4 minute read
East Meet West: Exploiting Japanese export opportunities
Japan, already the third-largest global economy, signed the world’s biggest free trade agreement in December 2017. Opening up more roads to Europe paves the way for the smoother trading of approximately 30% of total global output. Yet Japan’s business culture, etiquette and working language is still a steep learning curve for European and British manufacturers. Ben Whittacker-Cook from Straker Translations explains more.
Naturally, Japan upholds long-standing manufacturing relations with the UK. Japanese-owned companies employ more than 140,00 people in the UK across more than 1,000 companies who have a UK presence (Japanese Ministry of Economy, Trade and Industry). 43% of trade with the UK is through machinery and transport equipment, and 29% manufactured goods (British Chamber of Commerce).
Japan’s business leaders continue to make positive post-Brexit noises regarding future export opportunities with the United Kingdom, despite December’s EU deal, which, among other details, removes 10% tariffs on Japanese cars and the 3% rate applied to car parts.
‘Japan shares basic values and enjoys strong partnerships with the United Kingdom… It is in the interests of the world including Asia that an open Europe be upheld. Japan will continue to share with the UK and the EU the responsibility to lead the free trade system (Ministry of Foreign Affairs of Japan).’
This sounds like good news for UK manufacturers focusing on Japan as a key export market. The hope is, of course, that any future deals into the UK from Japan – particularly in the automotive sector – will take into consideration good relations formed since the 1970s. Going the other way, Japan’s order books are very much open as the 2020 Olympic Games in Tokyo hurtles ever closer.
Heavily reliance on AI, robotic hospitality, instant language translation, transportation, 8K television broadcasting and hydrogen-powered buildings and buses are just some of the things visitors can expect to encounter in Tokyo. The summer Olympics provides a showcase for emerging technologies which will become the norm post-Olympics, and an opportunity for global manufacturers to export well after 2020.

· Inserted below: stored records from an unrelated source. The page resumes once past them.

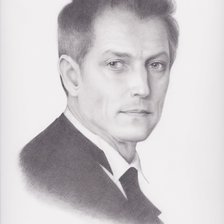 Яков Платонович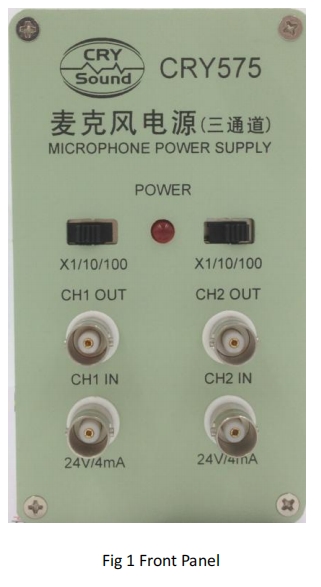 Microphone Power Supply CRY575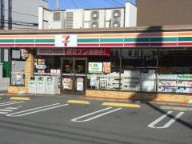 セブンイレブン 東大阪花園東町2丁目店の画像1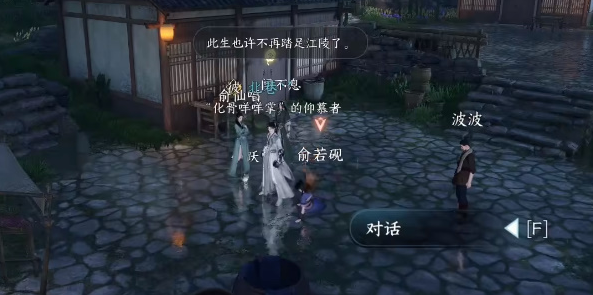 逆水寒手游夜雨两相别怎么触发夜雨两相别任务攻略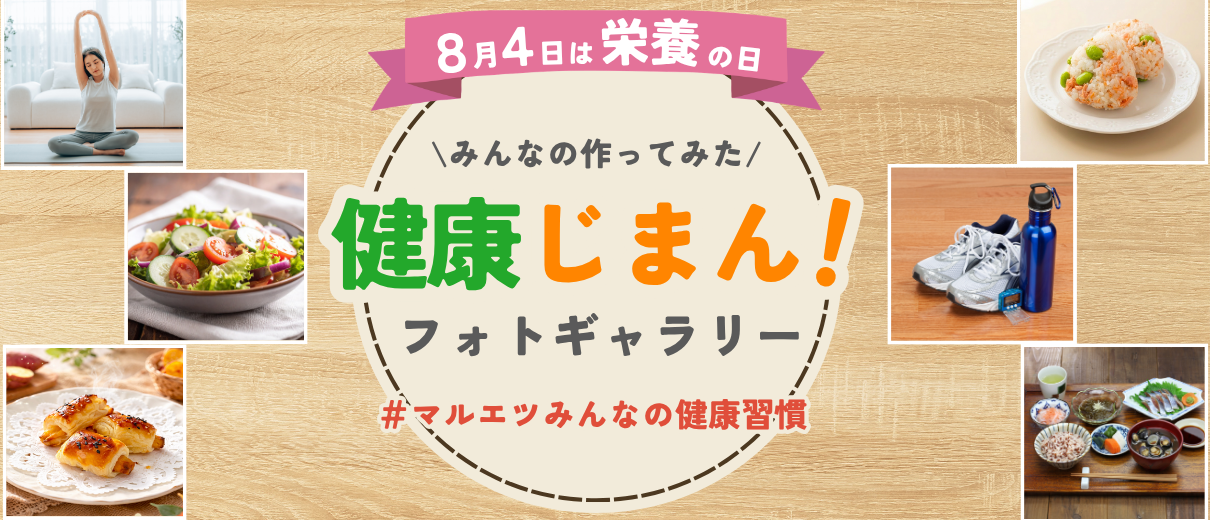 健康じまん！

However, doing business in Japan comes with many cultural stumbling blocks. Japanese professional etiquette is considered among the most ‘rigid’ and is wrapped up in high levels of ceremony which may seem unfamiliar to overseas organisations.

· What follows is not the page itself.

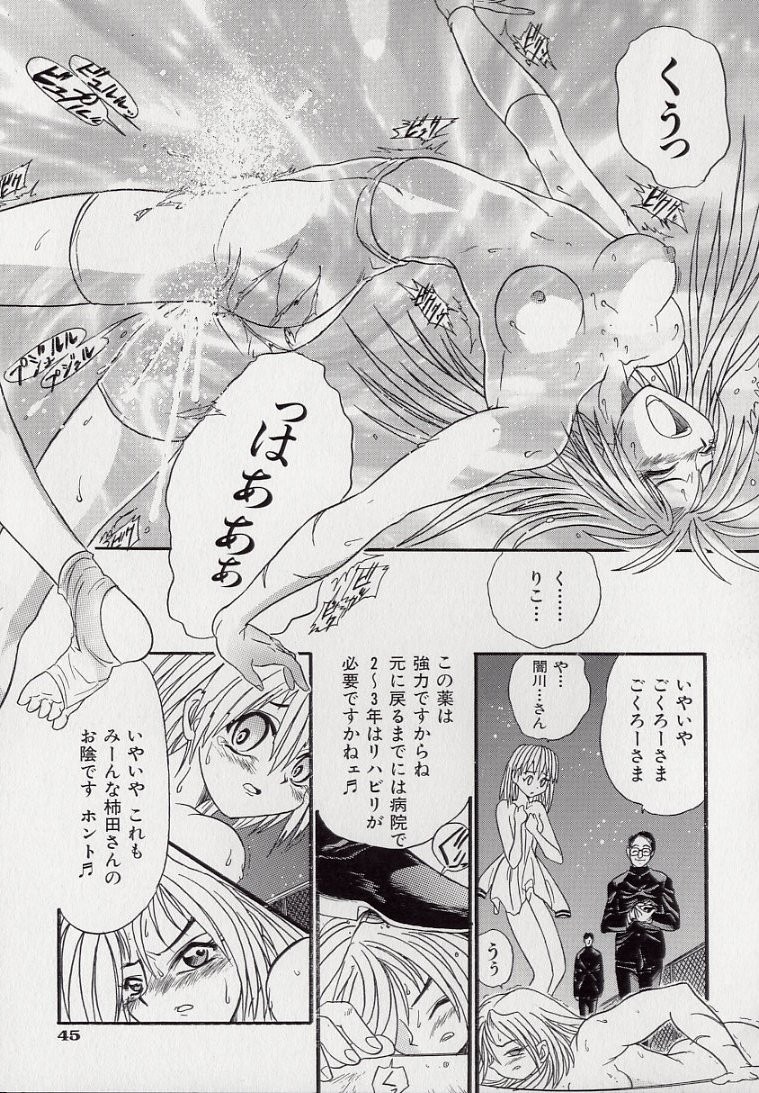 Page 47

For example, in Japan it is important to accept the business card with two hands and to study it meticulously. In a country of rituals and respect, taking the time to examine your contact’s business card will resonate, and show that you’ve done your cultural homework.

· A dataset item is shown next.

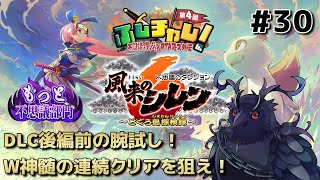 【#風来のシレン6 】 #ふしチャレ とぐろ島の神髄＆沈黙の神髄を連続クリアせよ！ #30 【#不思議のダンジョン 】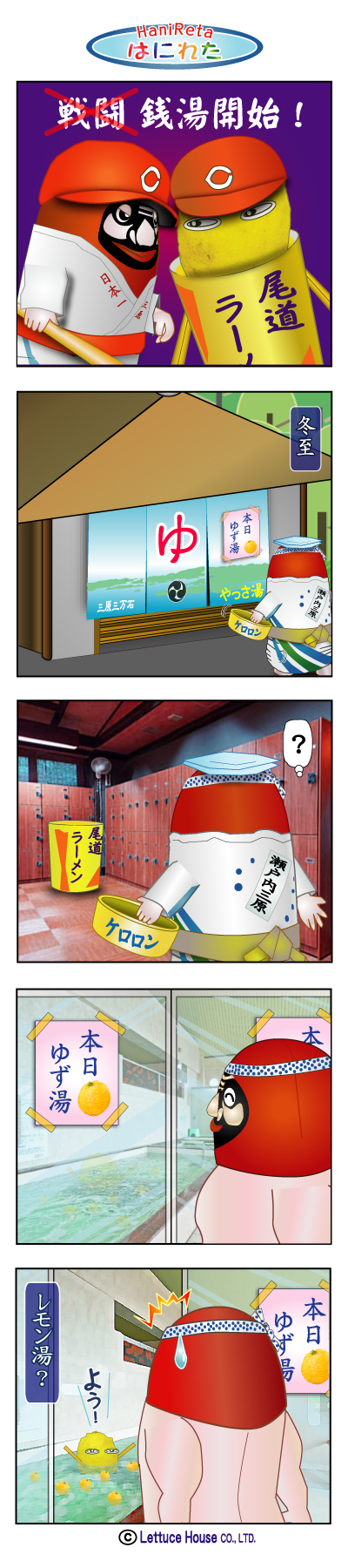 やっさだるマン【漫画はにれた】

High pressure and aggressive sales tactics don’t go down well in Japan and punctuality is key during those first few face-to-face meetings. Similarly, meetings should not overrun, so it is best practice to cover all points within the specified time. Generally, first names are never used – no matter how long you’ve known your contact, and it is considered polite to introduce yourself to the oldest person in the room first.
A few words spoken in Japanese will go a long way to impressing hosts and business associates. Well written literature in Japanese is also seen as a good start for UK-based businesses looking to export to Japan, as it shows you have taken the time and trouble to localise your content for your meeting and market, if only in a partial, but significant, way.
Japan is relatively unique in today’s highly connected world in that it is a homogeneous society with only one core language, and the spoken language has diverse influences. Kanbun, for example, has Chinese roots and is much used in literature and diplomacy as well as being taught in Japanese schools.
The disconnect, and the opportunity, comes from the fact that while Japanese is spoken by approximately 130 million people – 124 million of whom live in Japan – there is a great desire for young Japanese to learn a second language (compulsory in many Japanese schools). English is the most popular. However, the standard of teaching is considered poor – especially conversational language teaching.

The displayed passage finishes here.